START SUPPLIED RECORDS

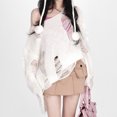 thumbnail image 5 of Suéter holgado informal con hombros descubiertos de estilo coreano para mujer, suéter hueco de manga larga para primavera y otoño, a la moda para mujer, 5 of 5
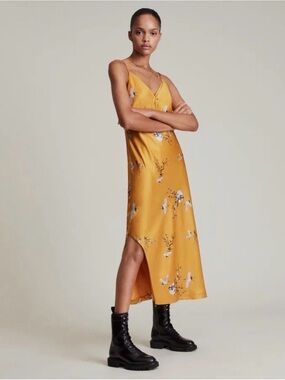 AllSaints Golden Yellow Floral Slip Midi Dress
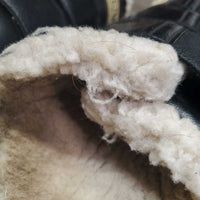 Closed Boots, Wool Lined, velcro *gc/fair, clean, v.hairy velcro, stains, clumpy, hairy, rips, unstitched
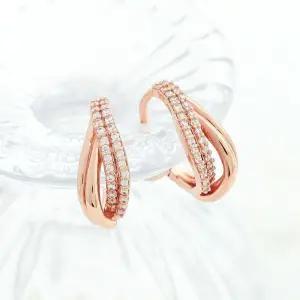 [아우트]볼드귀걸이 큐빅 웨이브 원터치 귀걸이 14K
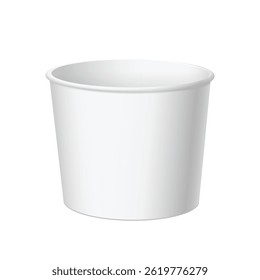 Realistic White Disposable Paper bucket for fast food. Pack for chicken, fries, popcorn..Mock up for brand template. vector illustration.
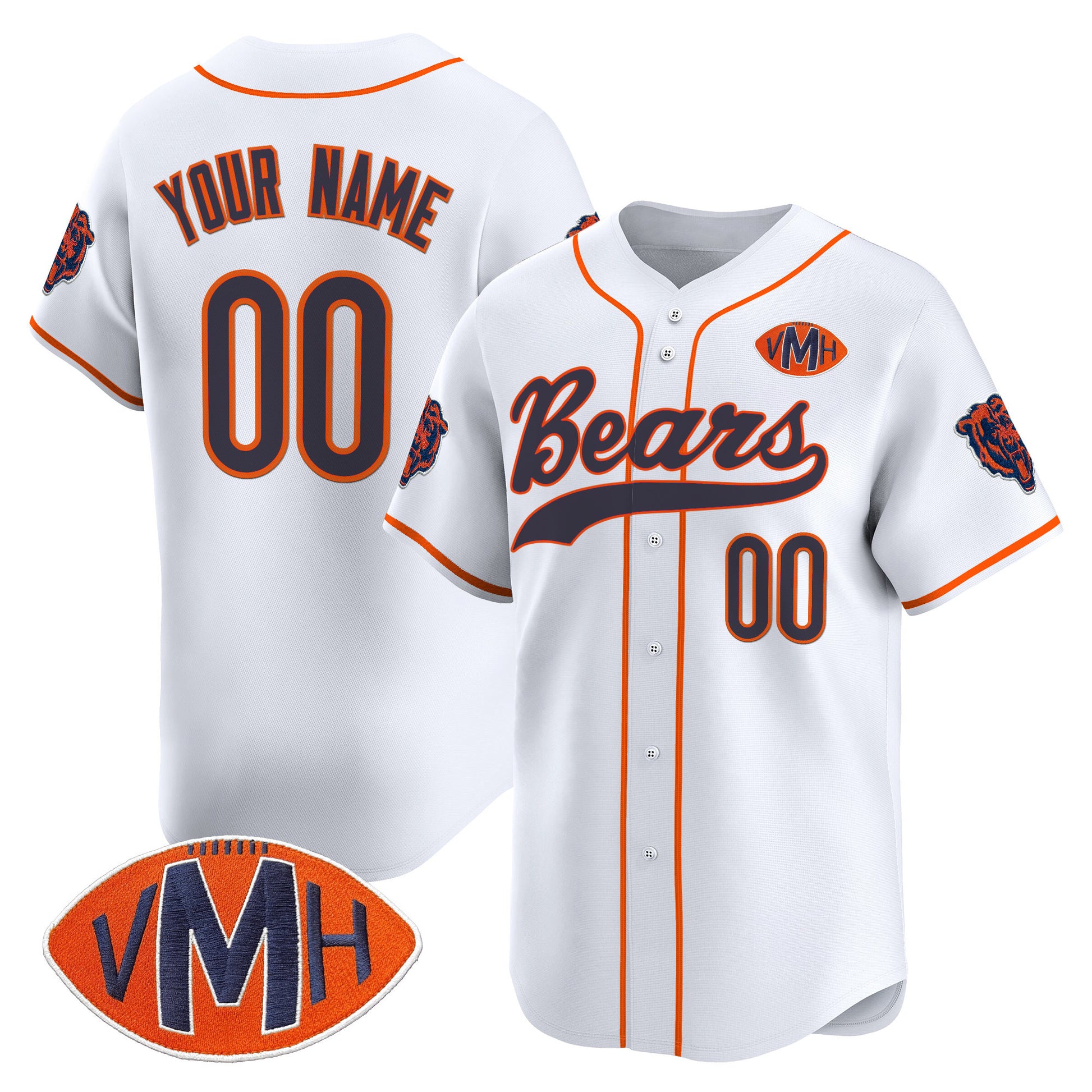 Chicago Bears 2025 Vapor Baseball Custom Jersey - All Stitched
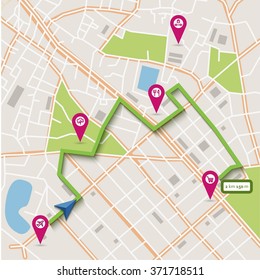 Vector flat abstract city map with pin pointers, navigation route and infrastructure icons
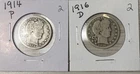 Lot of 2 Barber Quarters 1914 P, 1916 D Lot#2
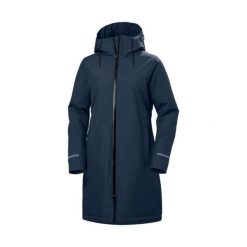 Płaszcz damski z kapturem Helly Hansen Aspire. Niebieskie płaszcze damskie Helly Hansen, s, bez wzorów, z materiału, eleganckie, długie, z kapturem. Za 580.15 zł.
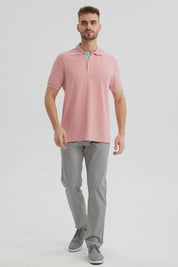 Polera Hombre Pique Básica Lisa Palo Rosa
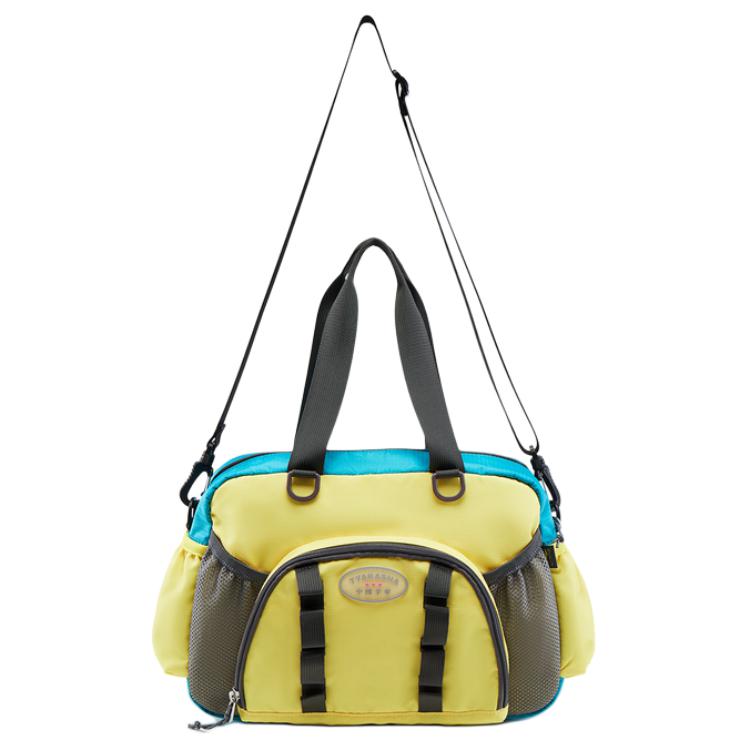Li Ning X Takashiya Collaboration Classic Logo Nylon Shoulder Crossbody Tote Bag Women Bags Yellow Green ABDV136-3 Yellow & Green
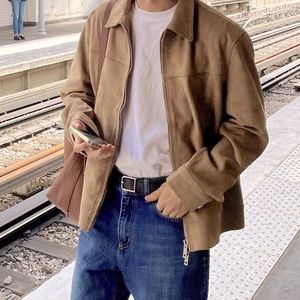 Brandini Tan Suede Leather Vintage Zip Up Jacket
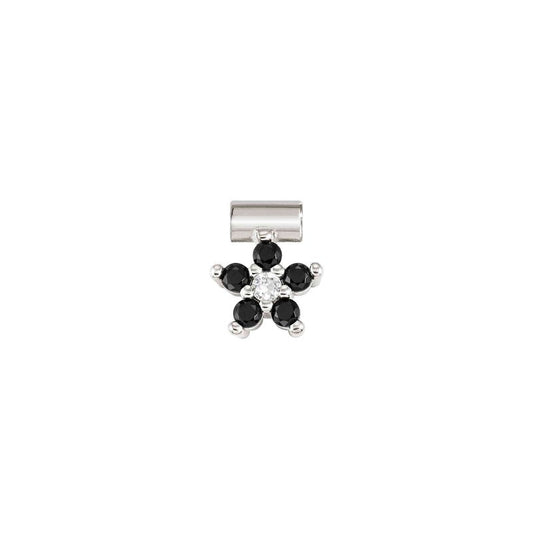 Nomination SeiMia Flora Pendant, Flower, Black Cubic Zirconia, Silver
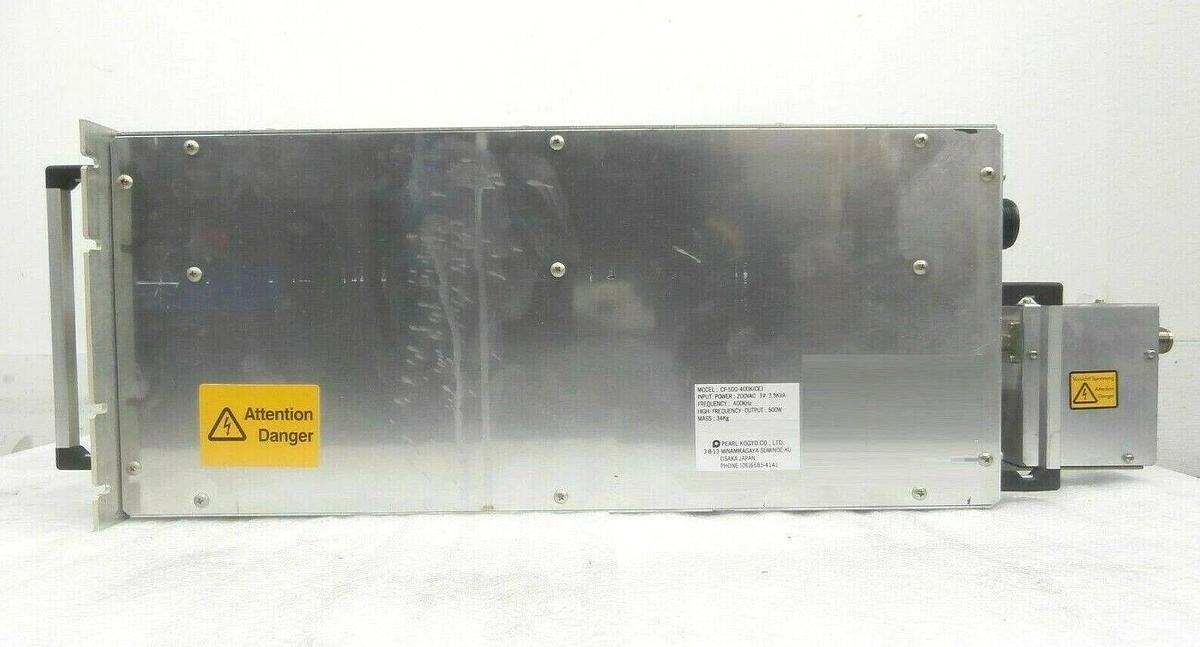 Used Pearl Kogyo CF-500-400K(CE) RF Power Supply Hitachi M-712E No Handle Working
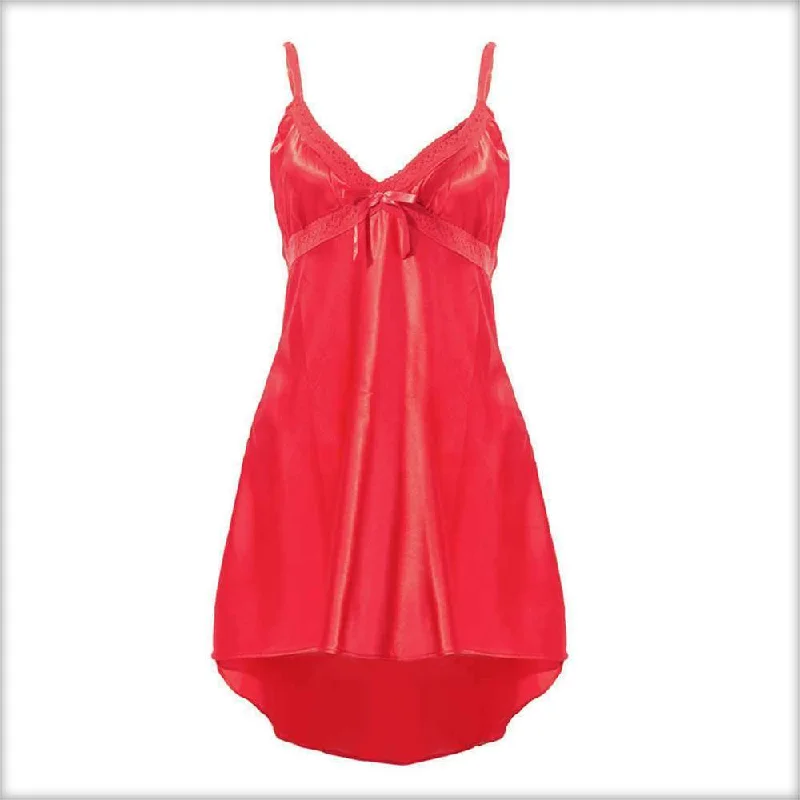 Exciting Red Satin Tail Chemise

END SUPPLIED RECORDS

*EXERCISE OBJECTIVE*: Leaving out the pictures, please transcribe exactly the lines from the one that holds "Brandini Tan Suede" through the last line of the entries above, both included.

*RESPONSE*:
 Brandini Tan Suede Leather Vintage Zip Up Jacket
 Nomination SeiMia Flora Pendant, Flower, Black Cubic Zirconia, Silver
 Used Pearl Kogyo CF-500-400K(CE) RF Power Supply Hitachi M-712E No Handle Working
 Exciting Red Satin Tail Chemise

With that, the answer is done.